Paris-Manchester 1918
Conservatoires in time of war

A reconstructed account

Written on Philippe Gaubert’s death in 1941, this tribute reveals some of the finer details of life at the front. However, a full appreciation of this document requires consideration of the context in which it was written. One can hardly help but question the accuracy and truthfulness of an article written more than thirty years after the fact. Indeed, although the images still seem vivid, this is an account of things remembered, and reconstructed. The language serves a single aim: the glorification of the deceased, assisted by poetic images such as “artillery salvoes [tearing] through fog” and “flares merging into the blanket of stars”. The stretcher-bearer musician, carrying “the torch of beauty”, is presented here as a beacon for humanity; though merely a human being, he has made possible the victory of civilisation (symbolised here by Beethoven and Wagner – this is 1941).

The last evening of Philippe Gaubert


It was during the winter of 1914, east of Verdun, in the little village of Ville-en-Woëvre. Philippe Gaubert was a stretcher-bearer in an infantry regiment. I was an artillery sergeant in the same sector.

A friendship sprang up, formed by music and the war, a brotherly affection that kept its youthful character, despite the vicissitudes of life.

In his infantry greatcoat, Gaubert had the piccolo with which, at the age of 15, he had won his first prize at the Conservatoire. In the château of Ville-en-Woëvre, with its gaping windows and shell-blasted wings, a group of musicians had set up a concert hall, and there, a few hundred yards from the enemy’s trenches, one could hear Beethoven and Wagner; and Philippe Gaubert, accompanied by Jacques Bousquet at the piano, would play a Bach prelude. Beneath the flares merging into the blanket of winter stars, the sweet cantilena rose like a promise of hope . . .

Gaubert, a winner of the prix de Rome,[1] worked by day on musical compositions, whenever his duties as a stretcher-bearer allowed him a break.

I was one of his most admiring and faithful listeners. He would show me his first drafts. I can still see my dear friend Philippe, with his fine, tousled head of hair and pure Roman profile, deciphering and singing at the piano a poem from Henri de Régnier’s[2] “Médailles d’argile”.[3]

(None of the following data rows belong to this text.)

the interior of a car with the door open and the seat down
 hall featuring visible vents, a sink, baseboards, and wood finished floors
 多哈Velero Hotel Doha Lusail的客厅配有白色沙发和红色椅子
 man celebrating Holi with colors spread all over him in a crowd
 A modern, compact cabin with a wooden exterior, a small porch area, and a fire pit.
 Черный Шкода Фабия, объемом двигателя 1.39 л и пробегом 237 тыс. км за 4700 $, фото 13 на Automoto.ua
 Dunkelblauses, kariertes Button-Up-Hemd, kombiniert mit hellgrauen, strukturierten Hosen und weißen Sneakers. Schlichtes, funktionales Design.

Even the thunder from Éparges[4], where artillery salvoes tore through the Meuse fog, could not prevent poetry and music from communing in a humble room at the front, where the muddy hands of soldiers kept alight the torch of beauty.

[1]Gaubert won second place in the Grand prix de Rome in 1905.

[2]Henri de Régnier (1864-1936), French poet and writer.

[3]Poetry collection published in 1900.

[4]Les Éparges is a ridge in the Meuse department that was the scene of intense fighting, especially from February to April 1915 (battle of Éparges)

Théophile Briant (18 July 1941) “The last evening of Philippe Gaubert” (excerpt), in: Paris-midi, Paris, 18 July 1941, Bibliothèque nationale de France, Performing Arts Department, 8 RSUPP 724, f. 11-12 [on line].

Document description: newspaper cutting.